Faster, Pussycat! Kill! Kill! is the story of three extraordinarily top-heavy go-go dancers in California. We have Billie (Williams), the fun-loving blonde, Rosie (Haji), the angry and violent Italian, and Varla (Satana), the sadistic ringleader. They’re having a friendly (kind of...) game of three-way chicken in their cars out in the desert when a man and his girlfriend (Bernard, swimsuit-clad for the whole film) show up, wanting to run speed tests on the man’s car. Varla provokes a fight—"What’s your point," he asks her at one point in their verbal play, to which she responds, "It’s of no return, and you’ve reached it!"—and ends up killing him with her mad karate skills. In a panic (kind of...) they knock out the girlfriend (whose name, by the way, is Linda) and drive on. At a gas station, filling up, Billie sees a gigantic hunk of man-meat carrying a frail old man to a pickup, so she asks the overly talkative gas station attendant about them. This is how they find out that the man is a disgusting creature, but on his large desert property, somewhere, he has hidden an immense fortune. The rest of the film revolves around the women’s various attempts to get the money.

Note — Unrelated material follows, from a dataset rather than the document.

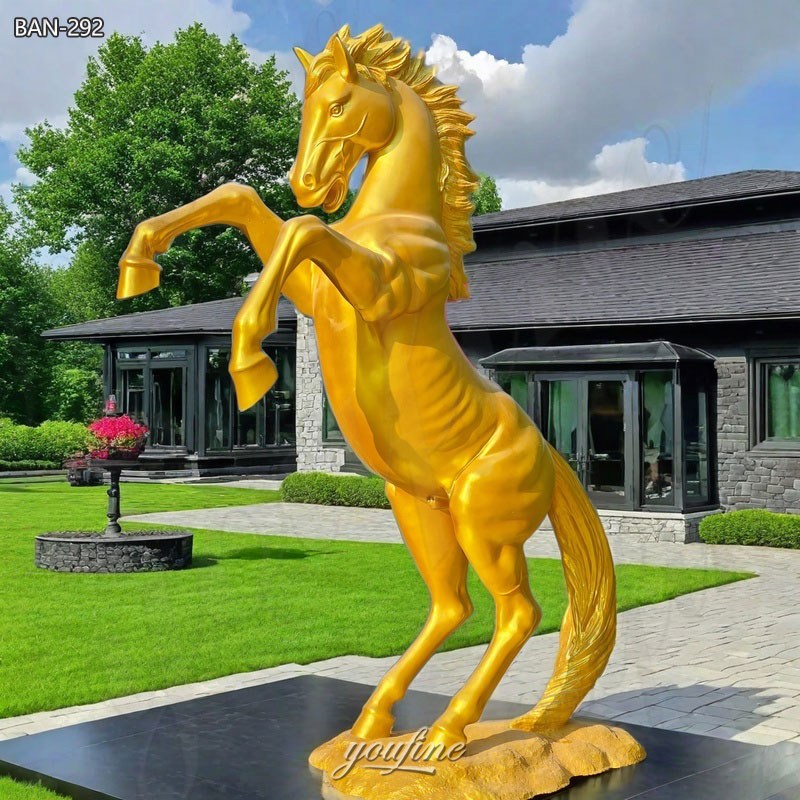 prancing horse statue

Before I saw this film, I always thought John Waters was a total aberration, coming out of nowhere and absolutely bonkers. Now I know better. His films are almost just variations on this one (probably the rest of Russ Meyer’s movies, too, but I haven’t seen those, so I can’t say). The overdone, stylized acting, the shock value, everything is very Waters. Hatchet Face in his Cry-Baby, for example, is pretty much exactly an uglified version of Rosie here. Of course, this all begs the question of where Russ Meyer came from, and that I have no idea.

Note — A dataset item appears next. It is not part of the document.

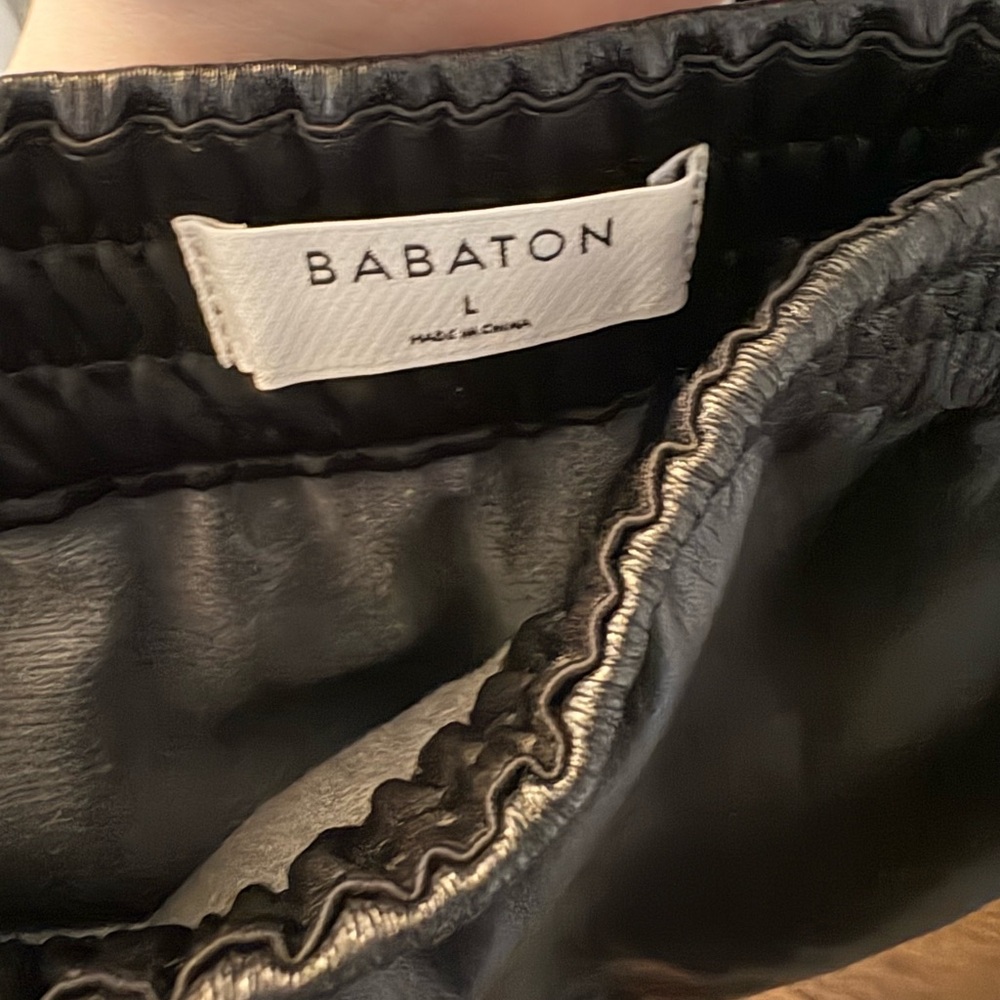 Aritzia Babaton Black Leather Skirt - Picture 3 of 3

Actually, I think more than I had ever realized was inspired by Meyer. I’m certain Richard O’Brian had this movie in mind when he wrote The Rocky Horror (Picture) Show, for one thing. The moods of the two are very similar all the way through, but I especially thought so during a lunch scene in Faster Pussycat, where people show up very underdressed, tensions run high, and eventually it all goes to hell...all much like in Rocky Horror. I almost expected Varla to suddenly whip away the tablecloth and reveal that they were eating a human, but no. That all came from a different twisted brain. But even aside from Waters and O’Brian, I think that, for example, a lot of musical personalities—from Madonna to Marilyn Manson—would have been...not impossible, but improbable without Meyer. I see the influence in the whole punk-rock movement, in Amy Sedaris’s brilliantly subversive sitcom Strangers With Candy, in the manipulation of female sexuality by the likes of Debbie Harry, kd lang, and others like them. It is everywhere.

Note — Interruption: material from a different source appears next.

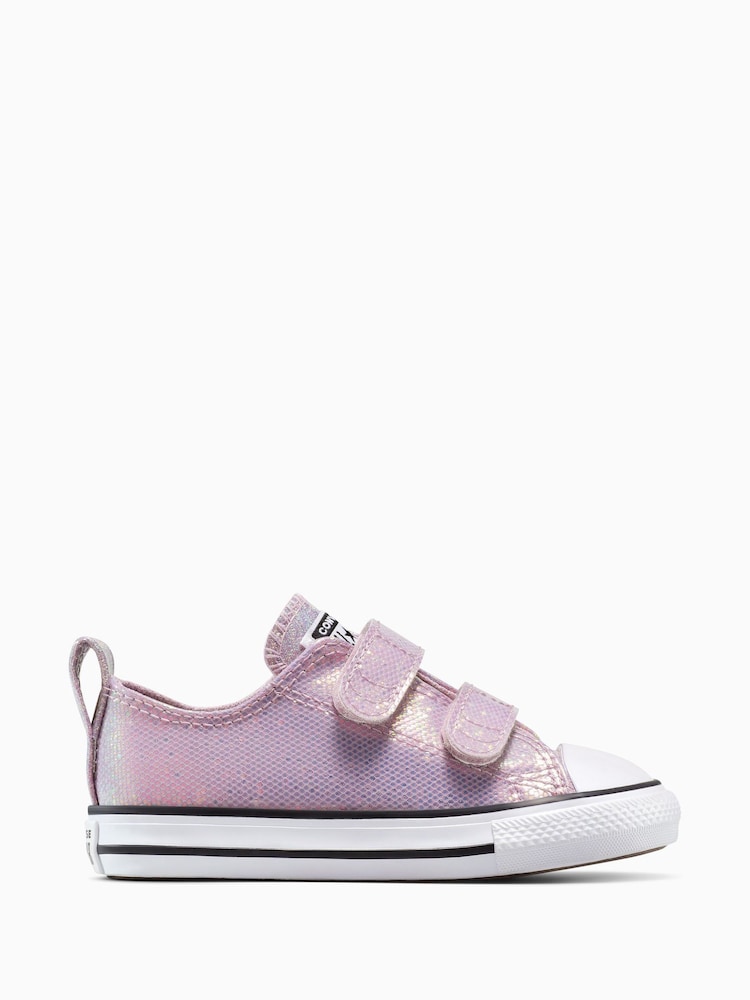 Converse Chuck Taylor Toddler Disco Glitter 2V Trainers - Imagen 1 de 8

And for such an influential work, it’s really just primarily big lots of partially guilty fun to watch. These ridiculously exaggerated women in their ridiculously exaggerated makeup, driving their ridiculously exaggerated cars, saying their ridiculously exaggerated lines—it’s great. Some more of my favorite lines: after Varla tells Billie and Rosie how they’ll explain what Linda’s doing with them (some made up story about how Linda ran away and her family sent the three after her), Billie, looking directly at Varla’s...um...ample bosom, says "That’s so phony, it’s almost believable," making a brilliantly layered metatextual statement not only about the current situation and Varla’s breasts, but also about the film itself. At lunch, Varla notices that Kirk is doing more eating than talking, and, sexily eating corn on the cob (of all things) at him, she says, "I like men with big appetites. Only I could never find one to match mine." At the very beginning of the film, an Outer Limits style narrator talking about violence, and a "new breed" of sexually violent women, says something along the lines of, "Who are they? They could be anyone, anywhere. She could be your secretary, or your doctor’s receptionist. Or—a dancer at a go-go club," at which we immediately cut to Varla, Billie, and Rosie dancing at a go-go club. This campy brilliance even extends to the packaging the video comes in, where in place of the more traditional "Filmed in glorious black and white!" we get "Filmed in glorious black and blue!"

Though interesting, I think I’ll leave all the women’s issues in the film to others. For one thing I don’t really know what to make of them, and for another thing, I don’t particularly care. The film is clearly at least sympathetic to women, and that’s really enough for me. I think anyone can get just about everything they want out of this movie. As for me, pure entertainment was first on my list—and I always start at the top.